For this exercise, write out only the lines of the entries below from the one with "Valleycenter guest lodge" up to and including the one with "Appartement Wohnen Im", exactly as they are. Pictures stay out.

= Records supplied =
____

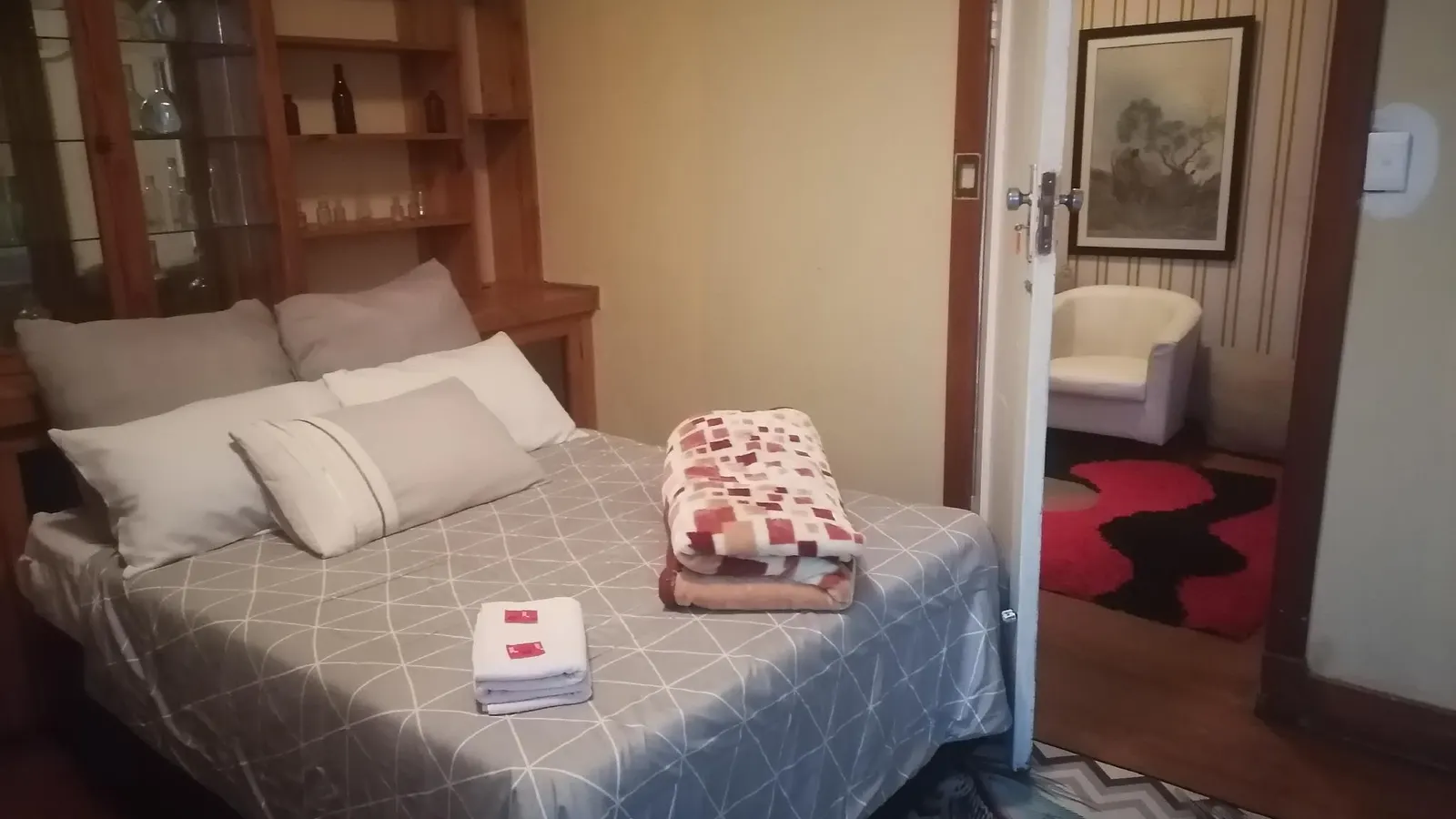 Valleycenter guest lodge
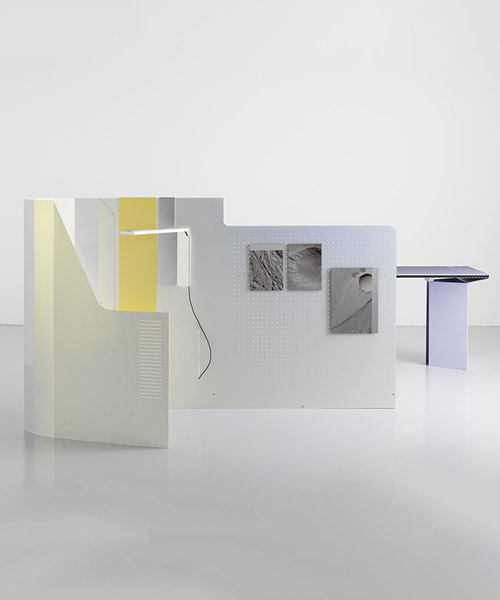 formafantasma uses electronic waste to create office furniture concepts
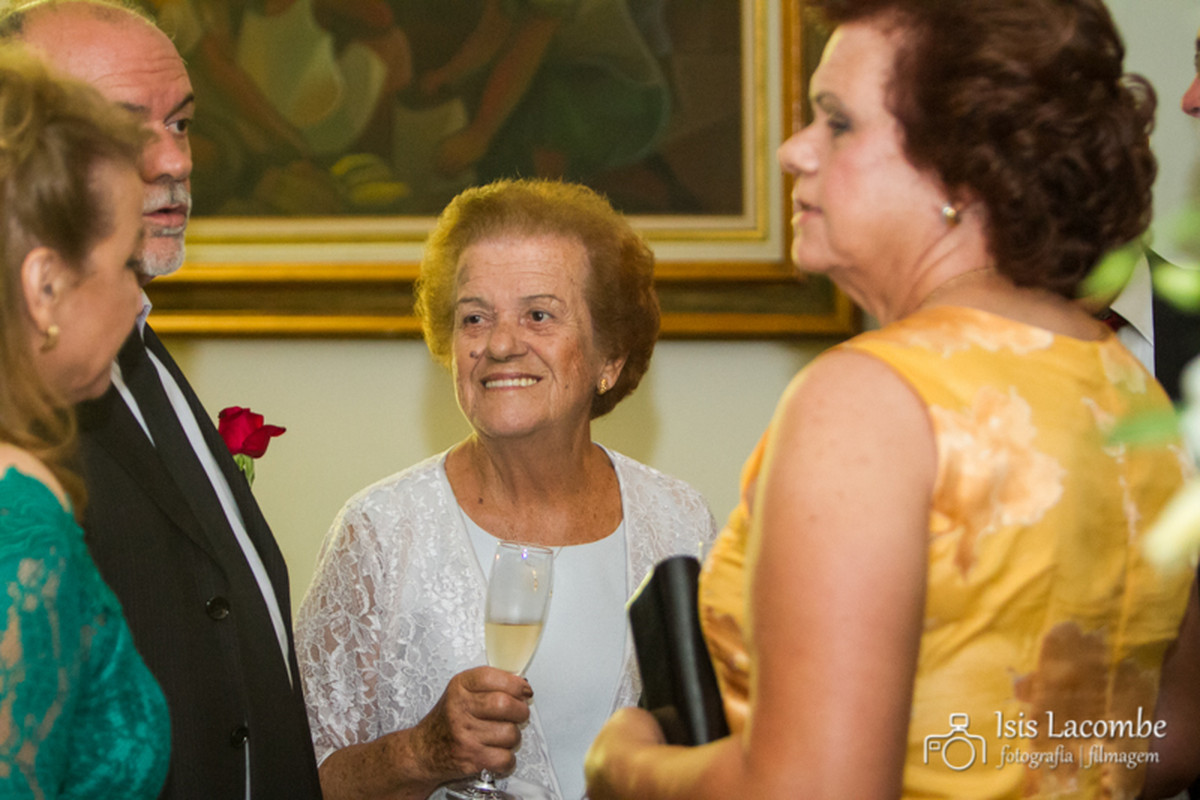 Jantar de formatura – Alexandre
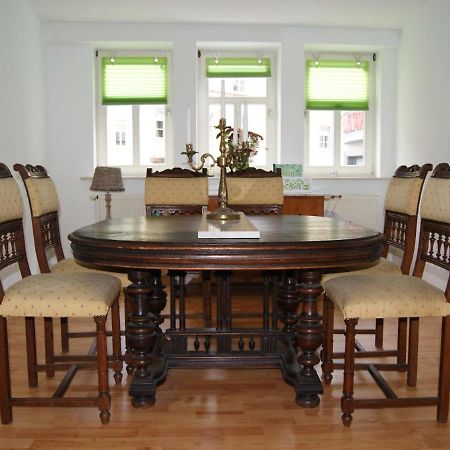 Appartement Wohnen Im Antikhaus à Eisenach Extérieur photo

____

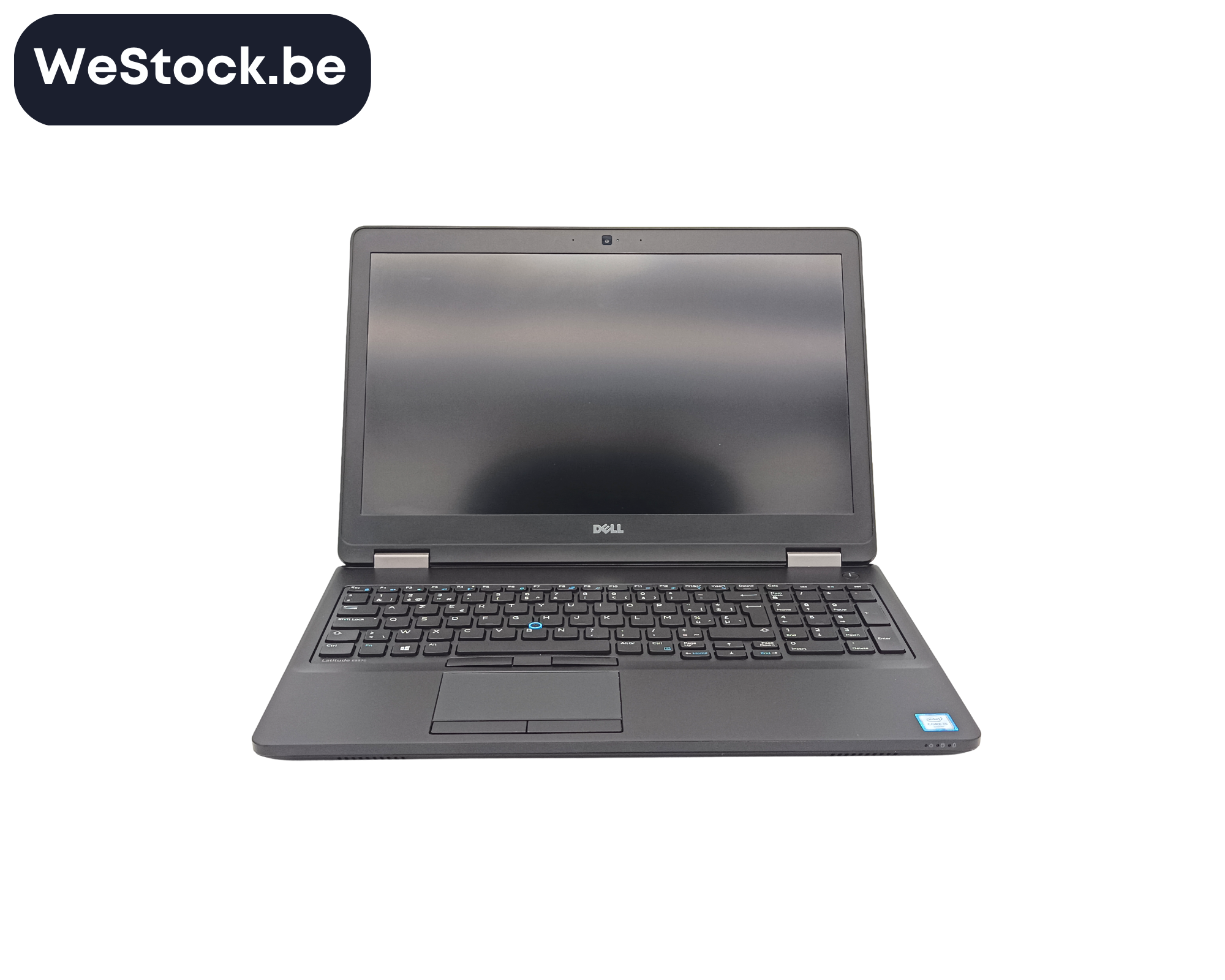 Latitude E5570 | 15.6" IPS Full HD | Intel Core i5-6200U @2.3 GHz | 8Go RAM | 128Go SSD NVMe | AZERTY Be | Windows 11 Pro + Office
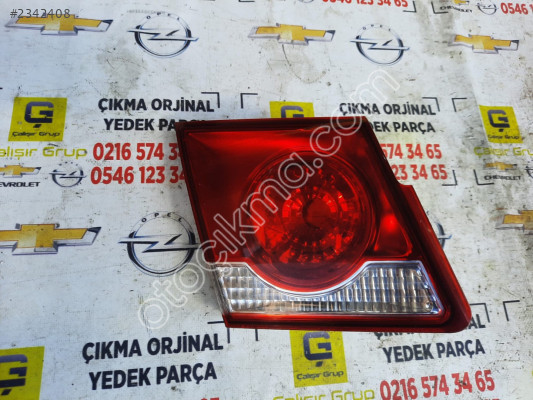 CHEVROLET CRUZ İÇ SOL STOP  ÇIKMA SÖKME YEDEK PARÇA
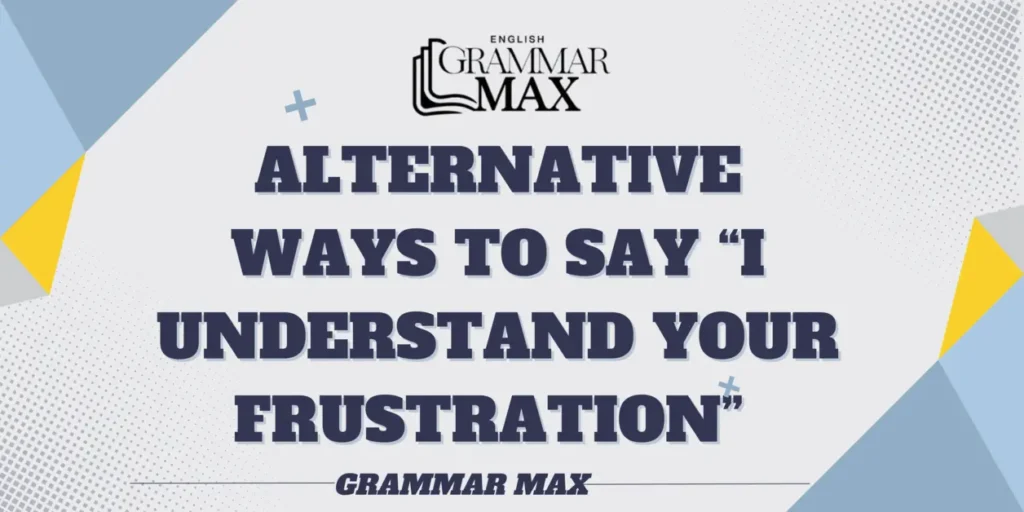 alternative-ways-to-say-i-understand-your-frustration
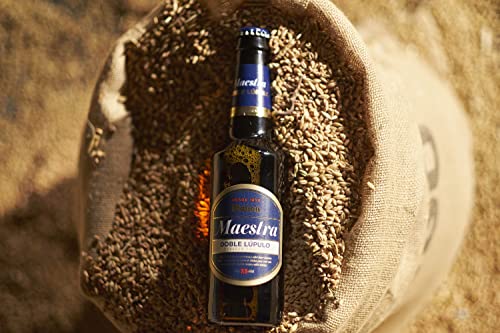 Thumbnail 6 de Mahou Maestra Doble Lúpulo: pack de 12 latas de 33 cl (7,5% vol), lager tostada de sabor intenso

____

= Answer section =
 Valleycenter guest lodge
 formafantasma uses electronic waste to create office furniture concepts
 Jantar de formatura – Alexandre
 Appartement Wohnen Im Antikhaus à Eisenach Extérieur photo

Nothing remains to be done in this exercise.